Não há consenso na literatura científica sobre quanto seria beber com parcimônia, algo como um padrão de consumo sem repercussões negativas ou com impactos quase desprezíveis na saúde física e mental. Nas últimas décadas, alguns estudos sugeriam que o consumo de pequenas doses de álcool, geralmente vinho tinto, poderia ser benéfico ao coração, mas o tema permanece polêmico e hoje é contestado por muitos trabalhos. O pouco que se ganharia em termos de proteção cardiovascular seria anulado pelo aumento da probabilidade do surgimento de outras doenças

A conclusão dominante de um conjunto de estudos e recomendações mais recentes é a de que não há dose, por pequena que seja, com risco zero à saúde.
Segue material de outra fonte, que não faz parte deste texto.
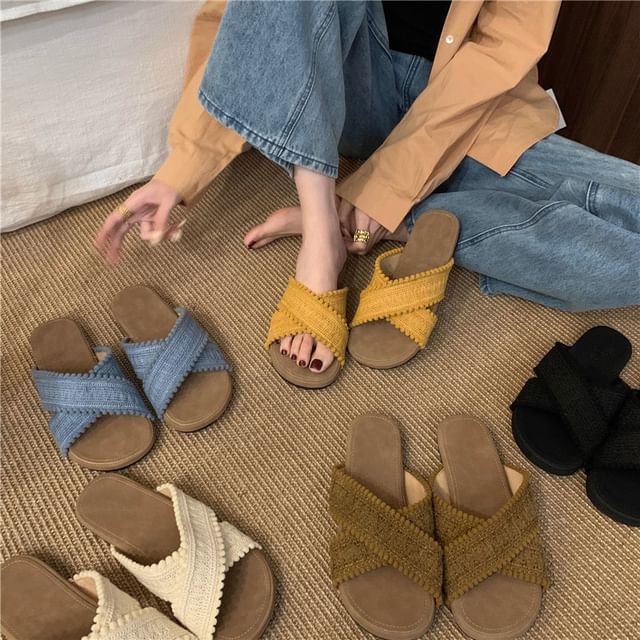 Asterisk-Fabric Slide Sandals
Quanto menor for a ingestão de álcool, menor o risco de desenvolver doenças relacionadas a esse hábito, como problemas no coração, alguns tipos de câncer, cirrose hepática, distúrbios mentais e alcoolismo, sofrer ou provocar acidentes e se envolver em violência física. Essa é a mensagem central da Organização Mundial da Saúde (OMS) e de boa parte dos trabalhos científicos atuais.

Segundo a OMS, os efeitos negativos do consumo de álcool estão associados à ocorrência de mais de 200 tipos de doenças e acidentes danosos à saúde. No mundo, cerca de 3 milhões de mortes por ano, 5,3% de todos os óbitos, decorrem dos efeitos do álcool. As vítimas fatais entre os homens, os maiores consumidores de bebidas alcoólicas, representam 7,7% do total de mortes masculinas. Nas mulheres, são 2,6%. O impacto negativo da bebida entre jovens adultos é ainda maior: 13,5% das mortes de indivíduos na faixa dos 20 aos 39 anos são atribuídas a problemas causados pelo álcool.

Atingir um consenso sobre o que seria uma ingestão moderada, ou tolerável, de álcool é muito difícil. Alguns pontos, no entanto, são hoje inegociáveis. Certas parcelas da população não devem beber de forma nenhuma. Esse é o caso dos menores de idade, cujo desenvolvimento cerebral pode ser afetado pelo álcool, e das grávidas e lactantes. Outras situações requerem uma política de tolerância zero com o álcool, como antes de dirigir ou realizar tarefas que possam causar acidentes ou oferecer perigo à vida.

Informar a população e os formuladores de políticas públicas sobre os riscos associados ao consumo de álcool, um hábito arraigado na maior parte das sociedades, é a tônica dos estudos mais recentes.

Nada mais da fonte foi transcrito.